Start of Provided data

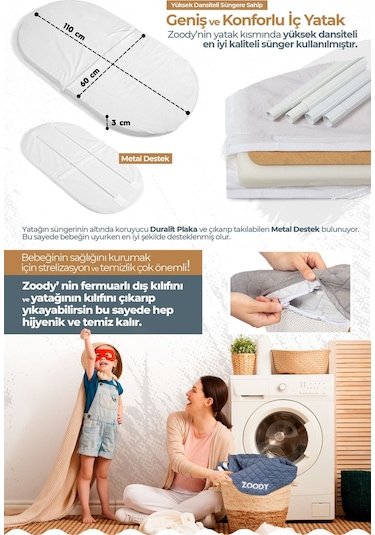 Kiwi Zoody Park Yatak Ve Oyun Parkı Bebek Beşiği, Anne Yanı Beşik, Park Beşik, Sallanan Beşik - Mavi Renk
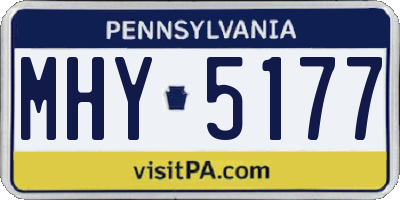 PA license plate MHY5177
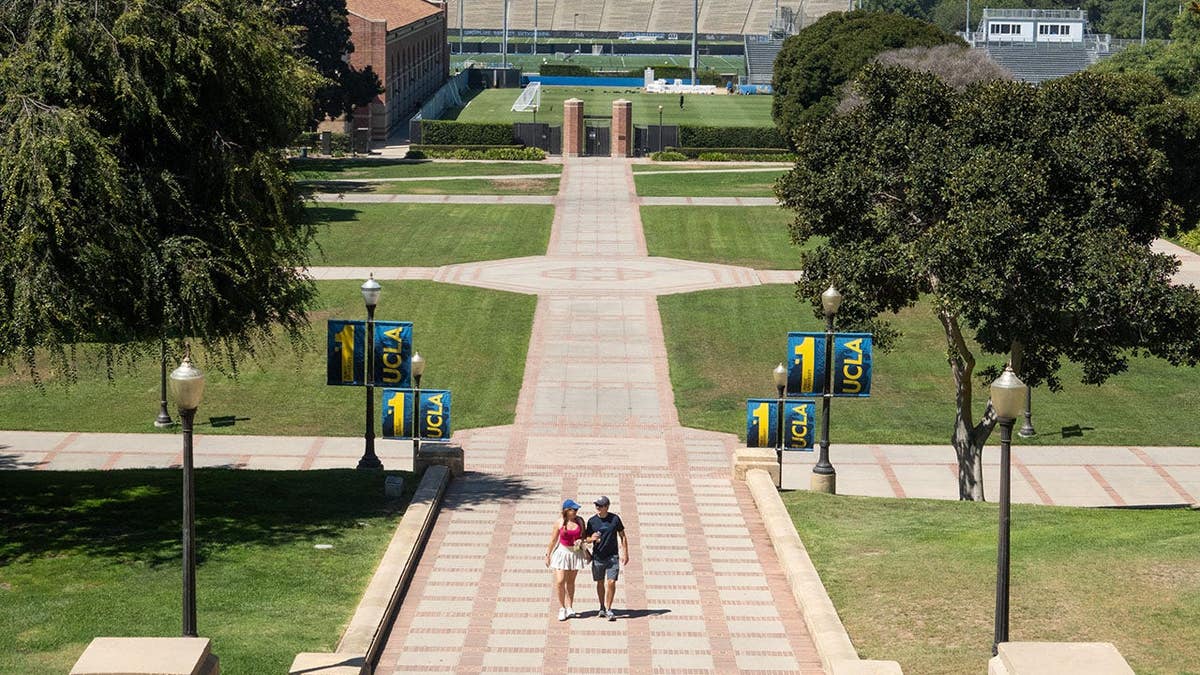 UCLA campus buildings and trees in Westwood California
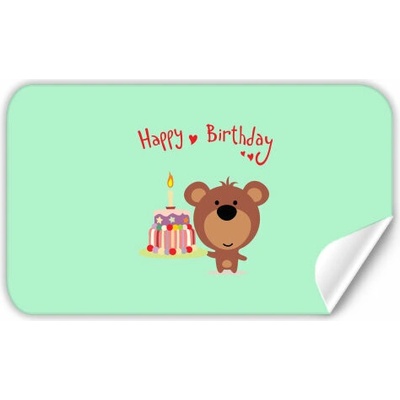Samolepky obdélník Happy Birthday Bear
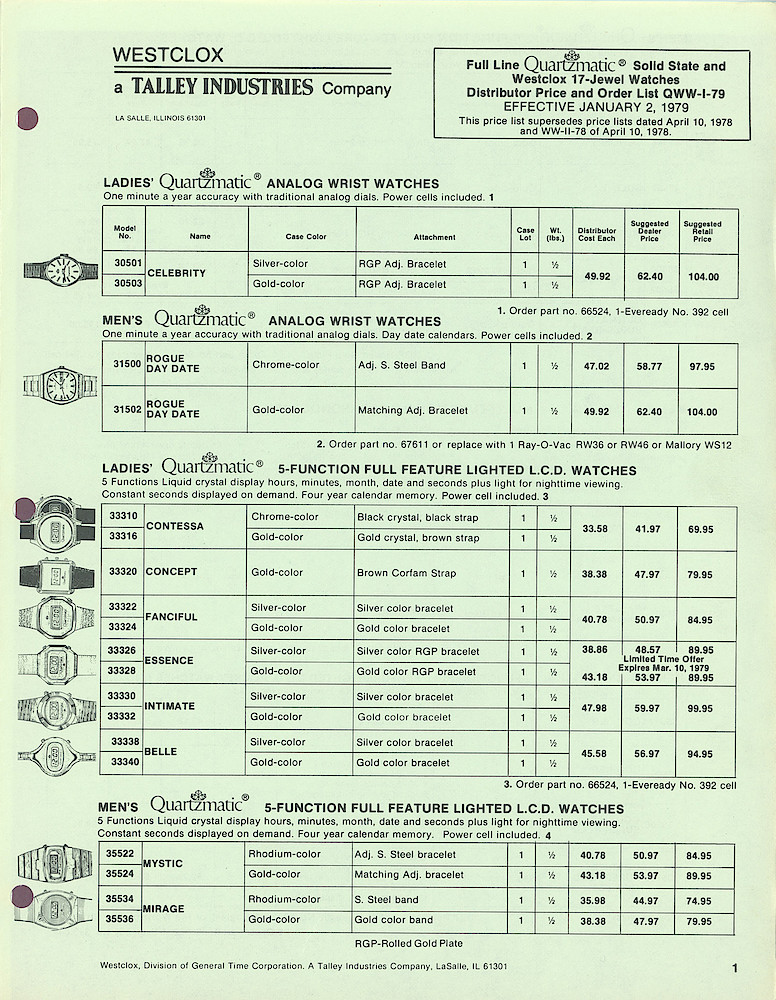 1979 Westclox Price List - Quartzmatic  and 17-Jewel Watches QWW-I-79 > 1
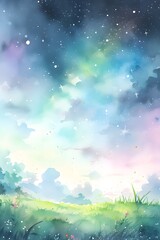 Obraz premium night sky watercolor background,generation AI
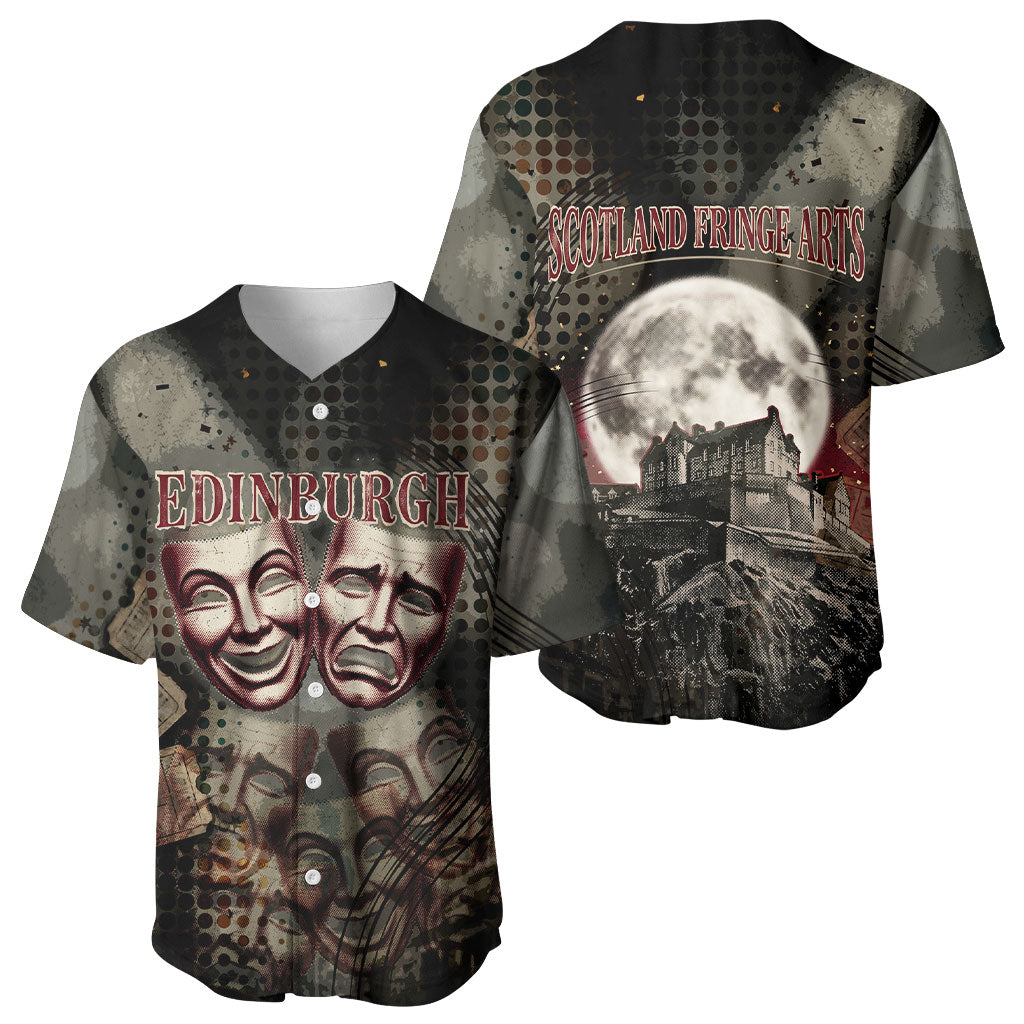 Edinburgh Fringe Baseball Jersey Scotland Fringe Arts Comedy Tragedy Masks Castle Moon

End of Provided data
Start of Provided data

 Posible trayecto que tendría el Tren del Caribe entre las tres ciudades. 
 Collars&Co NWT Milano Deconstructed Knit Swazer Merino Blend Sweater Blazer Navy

End of Provided data

* [Your objective] Transcribe, word for word, the stretch of lines in the data above from the one with "UCLA campus buildings" through the one with "Edinburgh Fringe Baseball"; omit all pictures.

* [Exercise output]
 UCLA campus buildings and trees in Westwood California
Samolepky obdélník Happy Birthday Bear
 1979 Westclox Price List - Quartzmatic  and 17-Jewel Watches QWW-I-79 > 1
 Obraz premium night sky watercolor background,generation AI
 Edinburgh Fringe Baseball Jersey Scotland Fringe Arts Comedy Tragedy Masks Castle Moon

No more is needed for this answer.